There is wide variety in how academic radiology institutions handle the review of imaging studies performed at other practices [8]. At our institution, outside studies submitted by referring clinicians either can be uploaded and stored in the picture archiving and communication system (PACS) without re-interpretation, or can be uploaded to PACS with an accompanying request for second-opinion interpretation. The outside studies that are not submitted for second-opinion interpretation are stored as reference studies in PACS, in an effort to optimize and centralize patient care data and produce a more-complete electronic medical record (EMR). In our radiology department, more than 20,000 outside studies per year are submitted to the film library to be stored in PACS, and more than 5000 are additionally submitted for second-opinion interpretation. There is substantial work associated with the performance of second-opinion interpretations, including processing of the images by the Image Processing Department (our “film” library) and increased workload for the interpreting radiologists. A volume analysis of second-opinion interpretations in a tertiary cancer center has demonstrated that the increase in daily work can be as high as 18% [9].

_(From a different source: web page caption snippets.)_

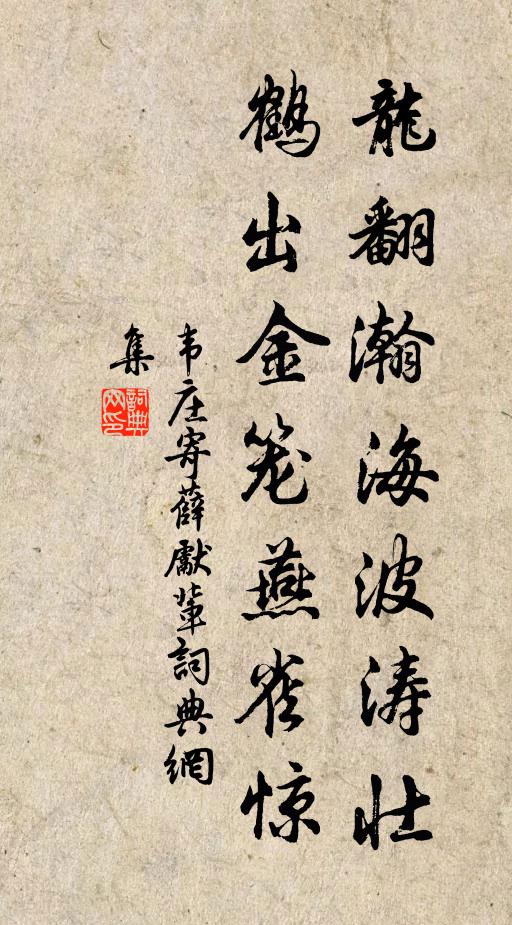 韦庄龙翻瀚海波涛壮，鹤出金笼燕雀惊书法作品欣赏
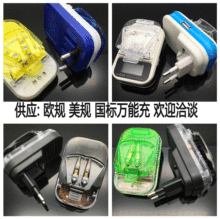 万能充电器 欧规充电器 黑三灯万能充 美规电器液晶显示万能充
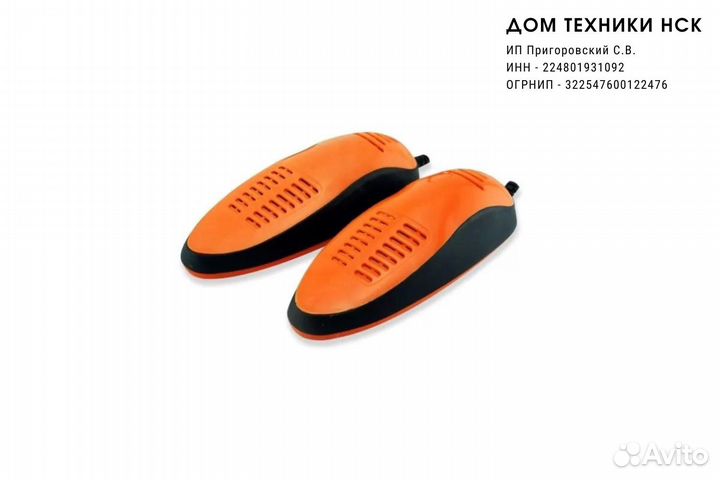 Сушилка для обуви электрическая. 12 Вт. 70C. 8153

Recent changes in health care policy call for cost constraints, added-value analysis in medical procedures/imaging studies, strict and complete documentation, and implementation of institutional relative value units [10]. Analyzing and prospectively tracking the added value of second-opinion consultations is challenging, as large amounts of data are generated via these re-interpretations, with limited known impact on medical care and or degree of discrepancy with the original primary report. The ability to mine this data using an automated process would be ideal in order to track discrepancies and assess impact on patient care. The purpose of this study was to assess the patient care impact and accuracy of subspecialty MSK radiology interpretation through implementation of an automated quality assurance tool designed to prospectively track discrepancies between the primary and secondary interpretations.

Materials and methods

Institutional Review Board approval was obtained to review patient data as part of a quality improvement/assurance activity, waiving the requirement for informed consent. The study was compliant with the Health Insurance Portability and Accountability Act.

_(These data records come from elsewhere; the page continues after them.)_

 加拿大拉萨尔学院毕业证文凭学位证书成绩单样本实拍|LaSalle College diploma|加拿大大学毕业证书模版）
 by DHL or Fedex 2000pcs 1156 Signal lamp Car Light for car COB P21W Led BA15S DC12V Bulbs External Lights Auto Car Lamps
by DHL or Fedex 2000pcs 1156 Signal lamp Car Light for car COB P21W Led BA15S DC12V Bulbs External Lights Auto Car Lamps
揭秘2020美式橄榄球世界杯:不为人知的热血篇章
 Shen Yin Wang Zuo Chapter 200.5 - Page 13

In the MSK radiology division, all the studies submitted for second-opinion interpretation are reviewed by subspecialty-trained musculoskeletal radiologists who exclusively read MSK studies, and whose experience ranges from 1 to 40 years after MSK fellowship training. Starting in July 2013, a standardized structured reporting template called MOI-RADS (Musculoskeletal Outside Interpretation) was created and integrated easily into the existing radiology workflow (Table 1). At the time of second-opinion interpretation, radiologists were instructed to insert the template at the end of each report, with a pick-list to choose the level of concordance or discordance compared with the primary report and the potential effect in clinical management on the basis of their subjective assessment. Staff radiologists, trainee radiologists, and referring physicians were trained in the use and interpretation of the template with lectures and electronic communications. For an initial 1-year period (July 2013 to July 2014), mandatory implementation of the standardized template was put in place, and after this initial period, long-term optional implementation was performed.

Table 1 Scale for indicating level of concordance or discordance with original report

As described in Table 1, all studies were coded based on the level of concordance or discordance with the primary report. Depending on the likelihood to impact patient care, the discordance was subclassified as not clinically relevant (category B) or clinically relevant (category C) and whether the finding was not detected (subcategory d) or detected but incorrectly interpreted (subcategory i). In cases where additional information was available at the time of second-opinion interpretation that was not likely available at the time of primary interpretation, category D was used with subsequent level of concordance and discordance subcategory listing (A, Bi, Bd, Ci, Cd).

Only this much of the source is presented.